MINISTERO LAVORO circolare 28 luglio 2000, n. 55

      Autorizzazioni al lavoro per ingresso dall’estero – Artt. 22 e 24 del T.U. n. 286/1998, artt. 30 e 38 del Regolamento di attuazione D.P.R. n. 394/1999 – Decentramento ex D.Lgs. n. 469/1997 – Autorizzazioni al lavoro domestico.

      Elementi che la domanda di autorizzazione al lavoro deve contenere
      La domanda di autorizzazione al lavoro deve contenere i seguenti elementi elencati all’art. 30, 2° comma, del D.P.R. n. 394/1999:
      a) le complete generalità del titolare o legale rappresentante dell’impresa, della sua denominazione e sede, ovvero, se si tratta di lavoro a domicilio, le complete generalità del datore di lavoro committente;
      b) le complete generalità del lavoratore straniero o dei lavoratori stranieri che si intende assumere;
      c) l’impegno di assicurare allo straniero il trattamento retributivo ed assicurativo previsto dalle leggi vigenti e dai contratti collettivi nazionali di lavoro di categoria o comunque applicabili;
      d) la sede dell’impresa e dello stabilimento, ovvero del luogo in cui verrà prevalentemente svolta l’attività inerente al rapporto di lavoro;
      e) l’indicazione delle modalità di alloggio.

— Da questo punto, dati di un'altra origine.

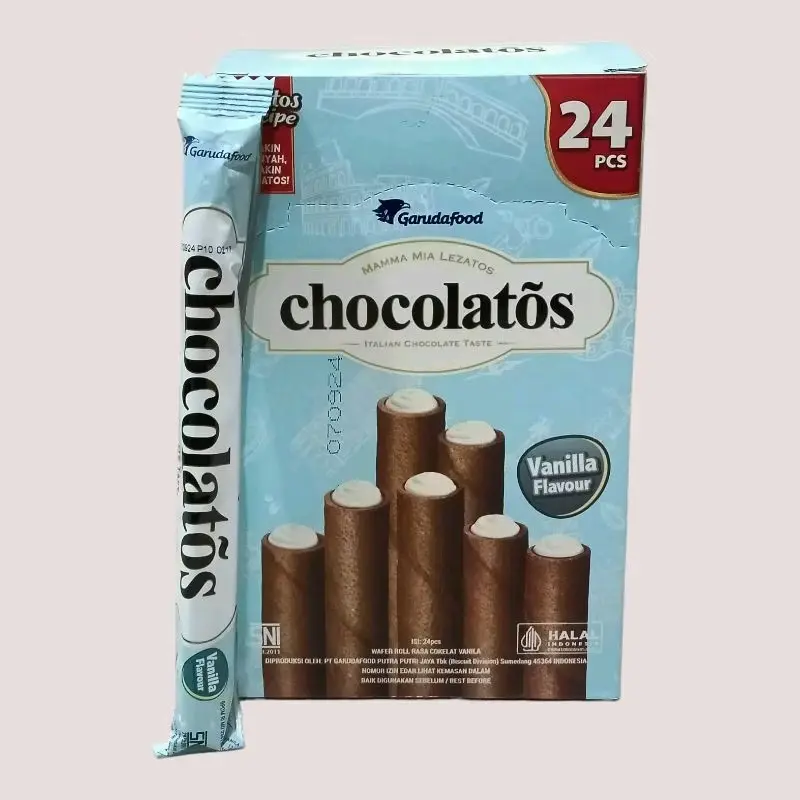 Chocolatos Long Stick Wafer Roll All Varian Isi 24 PCS/Box Camilan Coklat 1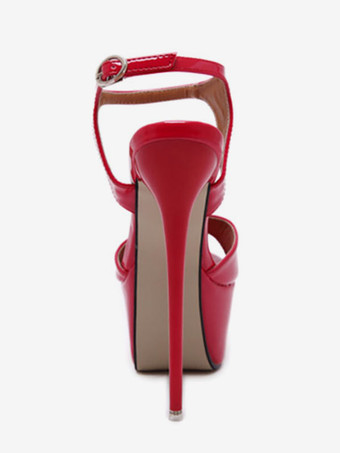 レッドセクシーなシューズスティレットヒール　2025　ピートゥ　プラットフォームサンダルレディース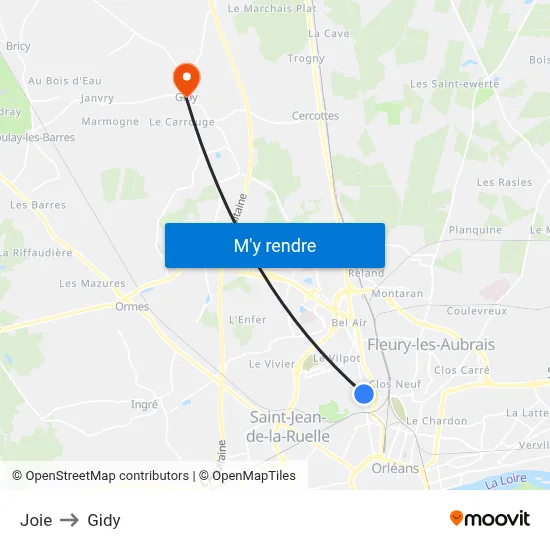 Joie to Gidy map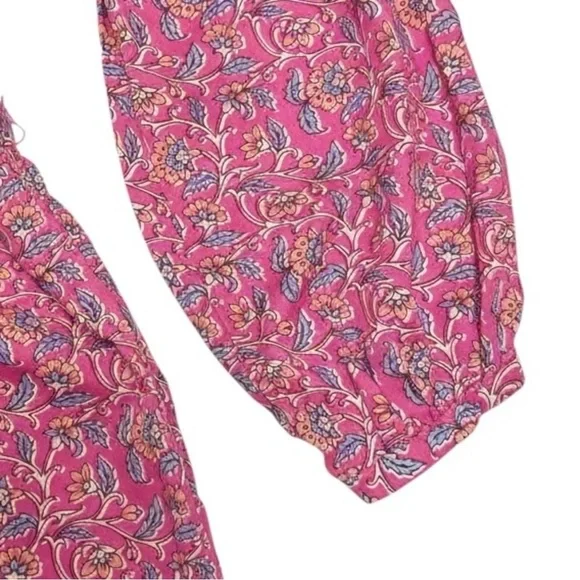 J.Crew Embroidered Romper Women’s Sz 8 Pink Vines Block Print Raglan Puff Sleeve - Picture 9 of 16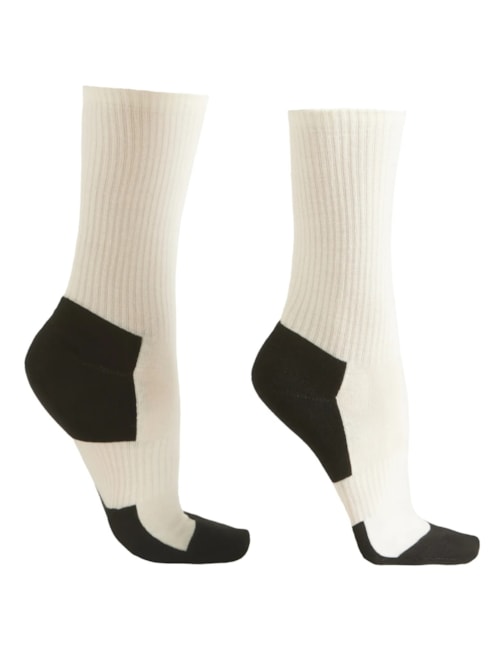 Meia Curta Com Lã e Seda – Off-White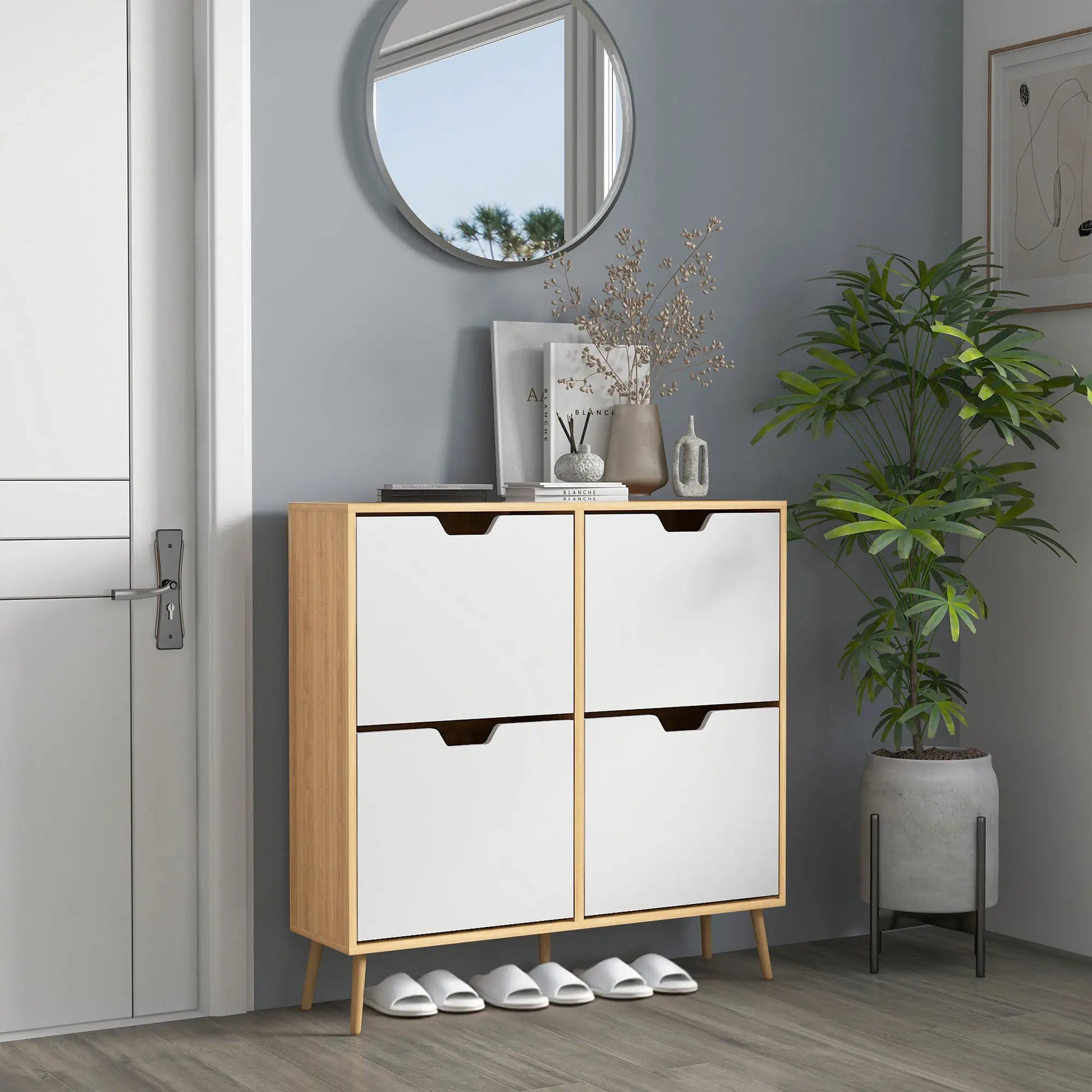 Shoe Storage Cabinet, 4 Flip Drawers, Adjustable Shelf, Holds 8-16 Pairs, Natural Shoe Storage Cabinets & Racks at Gallery Canada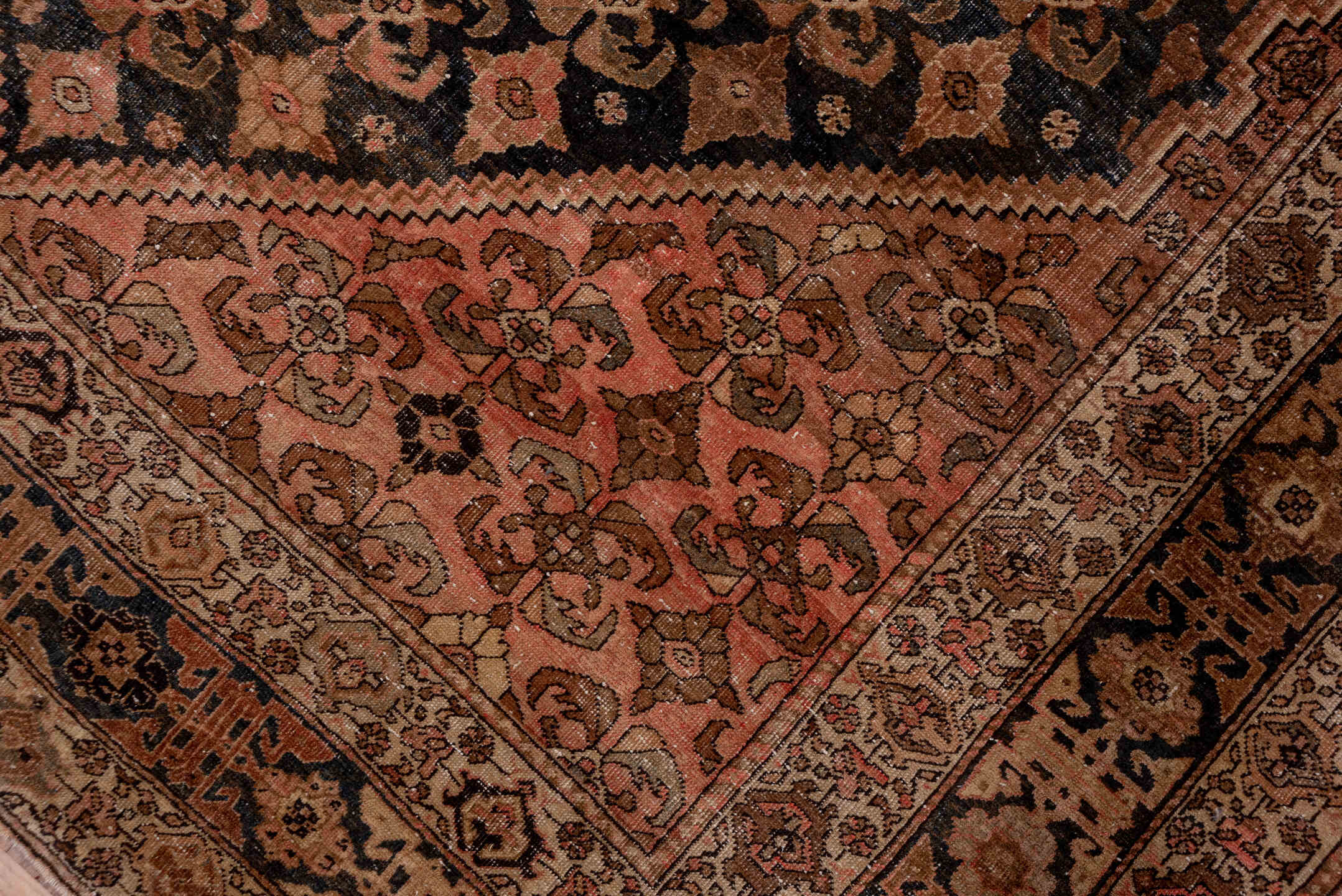 8' x 11' one-of-a-kind handmade vintage Kilim large size rug. Color palette: navy, rose, taupe, brown, ivory, camel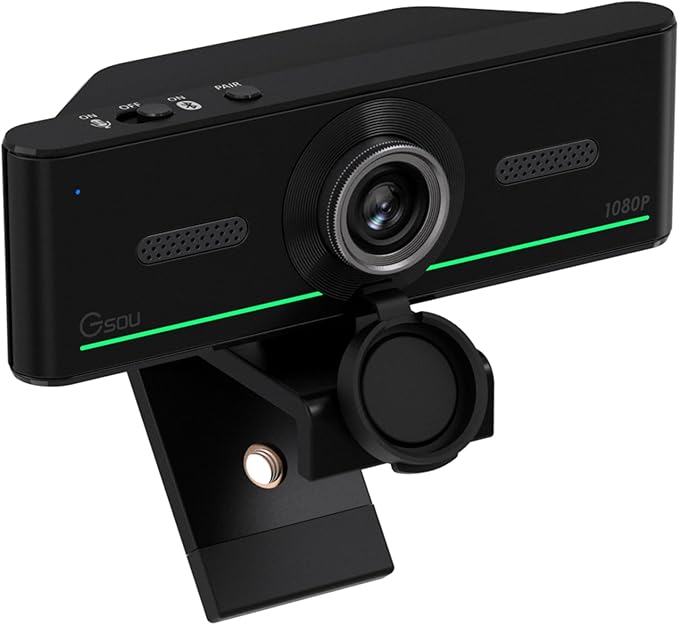 Gsou 1080P Webcam with Mics, Auto Light Correction,USB Plug&Play,Privacy Cover, Computer camera Connect Bluetooth Headset/Earphone/Speaker, Full HD Webcam for High-End Business Meetings&Live Streaming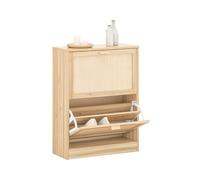 SoBuy Zapatero Estrecho con 2 Solapas y 4 Balas, Mueble Organizador para Zapatos de Entrada Recibidor, Zapatero Madera Natural para Pasillo, 60x24x80 cm, Capacidad 8 Pares de Zapatos FSR160-N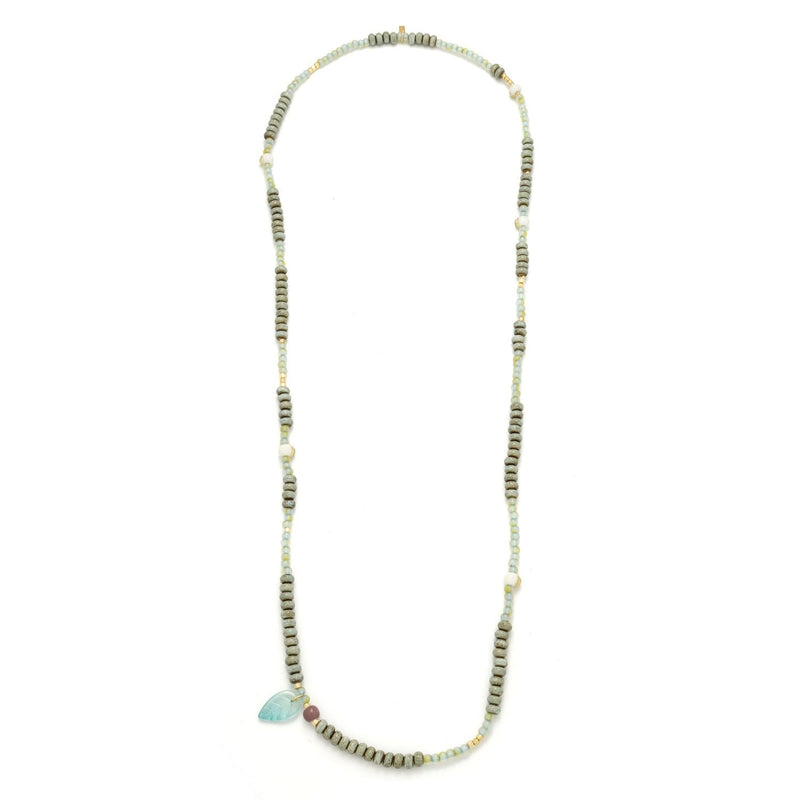 Ceramic Bead Wrap Bracelet/Necklace - Renewal/Leaf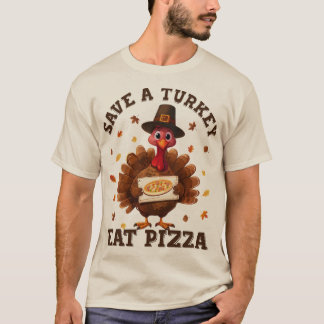 Camiseta Salve um Peru Coma Pizza – Pizza de Ação de Graças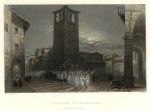 Italy, Pignerol by Moonlight, 1836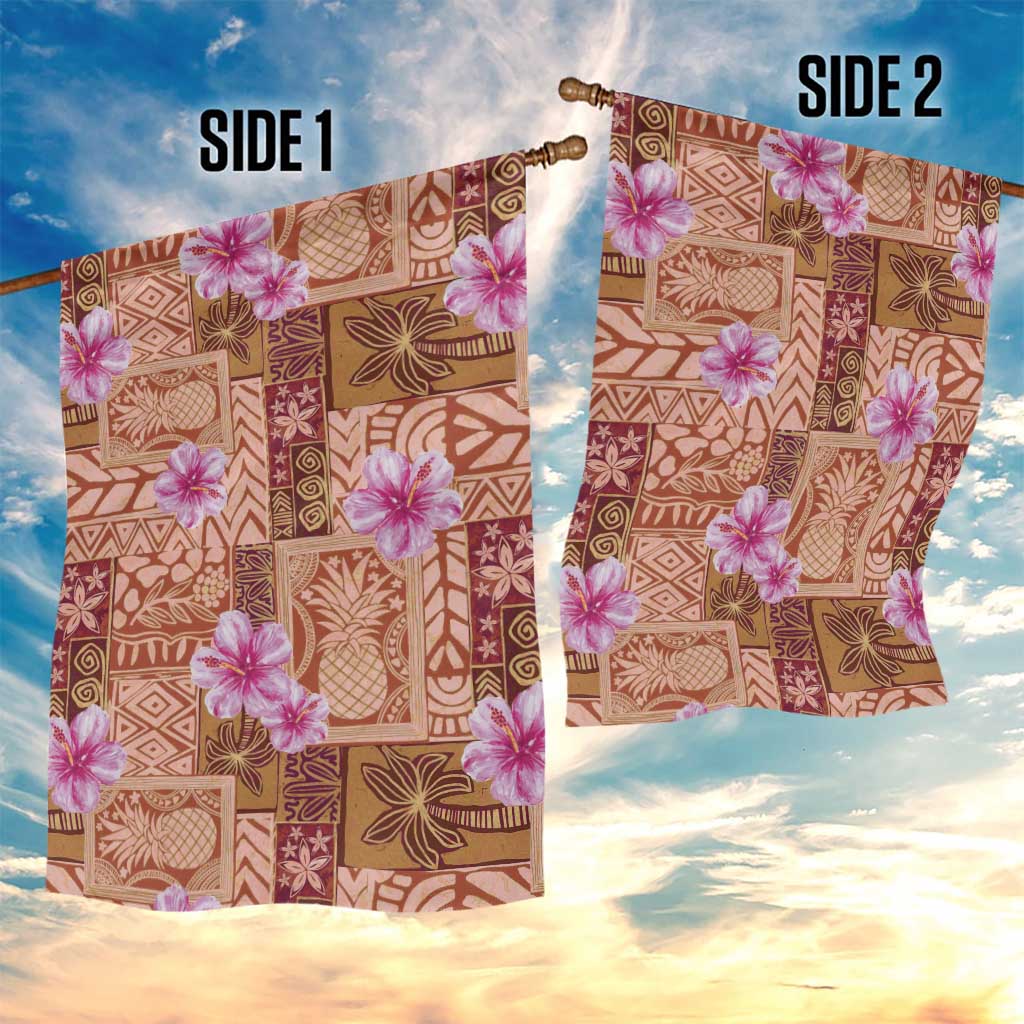 Orange Hawaii Hibiscus With Tropical Flowers Motifs Garden Flag - Polynesian Pride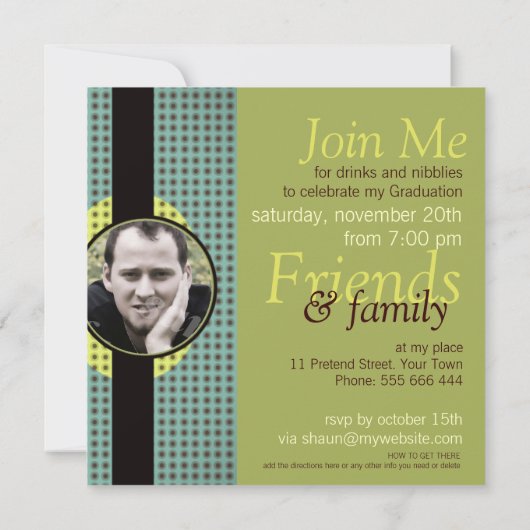 新しい自然の卒業とフォト招待状 招待状 (裏面)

      Per quanto riguarda la lett. e), si ritiene necessaria l’indicazione dell’ubicazione dell’alloggio nonchè il titolo in base al quale lo straniero viene alloggiato nella sede dichiarata dal datore di lavoro e la capienza di tale sede, da indicare in termini di superficie misurabile in metriquadri. Qualora lo straniero alloggiasse in alberghi o pensioni oppure fosse ospite del titolare dell’alloggio, occorre allegare alla domanda una dichiarazione del titolare medesimo.